There are a few ladies that work in the gym, and we’ve asked them to do the same. If they think we’re slacking off, we’ll get emails from them about how it’s important to work out to get rid of the back fat. Today, it was taken a step further. There’s a smoking hot guy that works at the gym, I like to call him the Dirty Counter. You would totally understand why that’s an appropriate name if you ever took one of his classes: when he counts (say push ups or squats, etc.), he breaths out on the count. It makes it sound like he’s counting in the throws of mad passionate sex.

Anyway, today Mischa came to get me to go to the gym, and I flat out refused. The second she got there, she had DC email me about being such a slacker. I responded to him how he forgot to call me fatty. Not 2 seconds later I have an email from him that just read, “FATTY SLACKER!!” (Oh, that was his punctuation) There is nothing like having a hotty call you a fatty slacker, it does wonders for your self esteem.
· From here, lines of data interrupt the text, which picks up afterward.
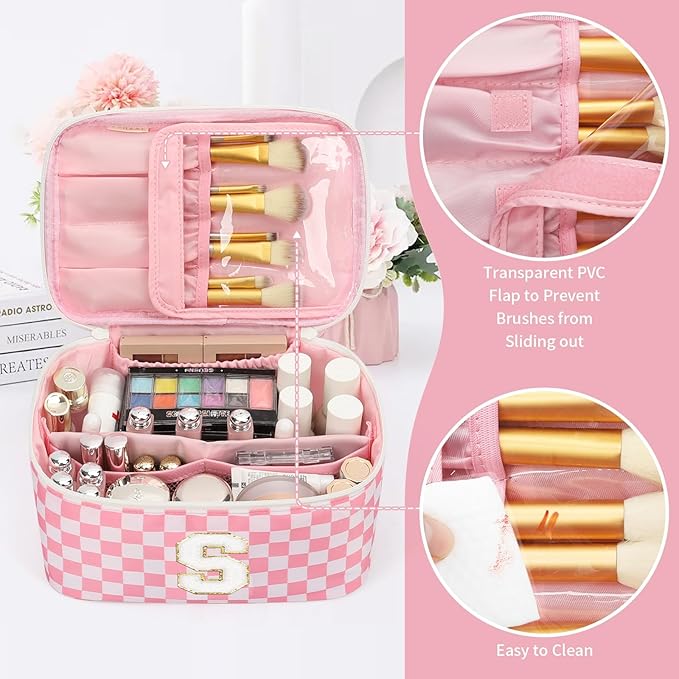 OCHEAL Makeup Bag for Women, Monogram Cosmetic Bag with Brush Holder, Pink Travel Makeup Case Beauty Toiletry Bag Organizer Personalized Gifts for Girls Bridesmaid, Sister, Wife, Friends Initial S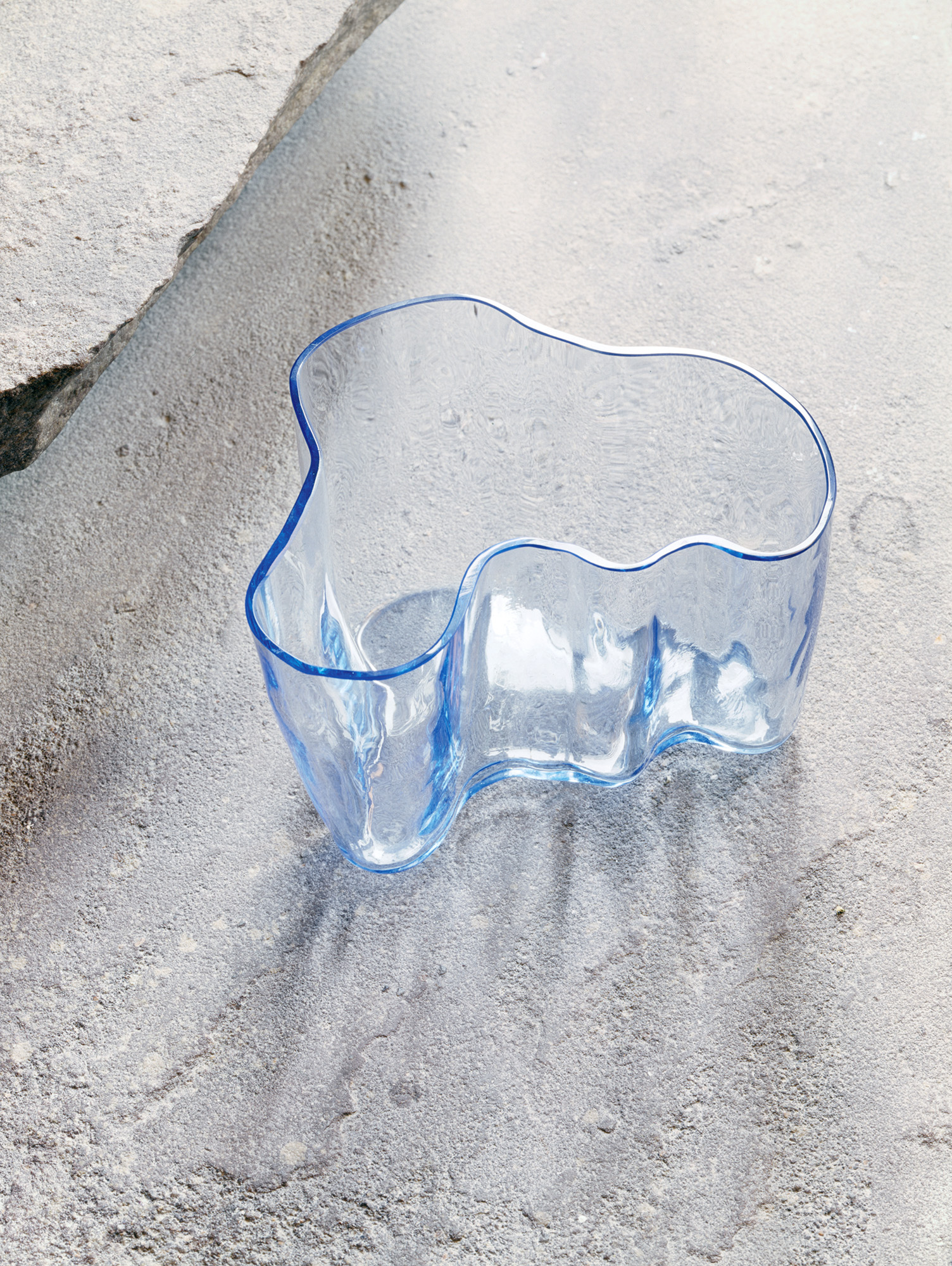 Light blue, melted style glass.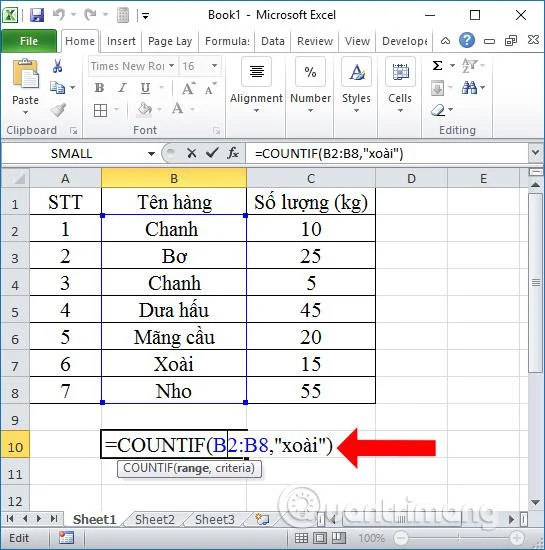 COUNTIF işlevi ve Excel'de koşullu sayma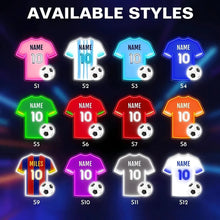 Custom soccer jersey LED neon sign with personalized name and number, multiple styles and sizes available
I managed to get off my fat ass and go, and I’m happy I did as there were 2 good things that came out of it:

  1. There was some delightful eye candy on the bike in front of me. I’ve never seen him before, but hope to see him soon. Sure I spotted the stinking wedding ring a mile away. He’s now known to me as “The Husband”. For a split second I considered telling him that I was just a good a work out as the Lifestyle bicycle he was riding-but then I had visions of his tears and accusasions of sexual harassment.
  2. Mischa offered to play “Sienna in the Springtime”. I’m sure many of you have seen the photo of Sienna Miller in her tights and underoos. From time to time, when Mischa is feeling charitable, she plays dress up. She puts on her black sweater and her tights-there’s a striking similarity. Anyway, today she had on white tights so we pretended it was spring. It’s one of the most hysterical things I’ve ever seen.

2 Responses to “I’m a Lazy Fatty Slacker”

  1. The Accidental Bitch February 24, 2007 at 8:37 pm #

    Wow, that’s quite a “support” network. (in quotes because insults are still mean!!)

    I’d love to hear more about Dirty Counter. mmmm

  2. Alejandra February 26, 2007 at 5:43 am #

    When did society decide that it’s “OK” to wear tights as pants? I saw a girl at Pastis brunch wearing a sweater that barely covered her ass and sheer tights. She looked like 9 year old on her way to dance class.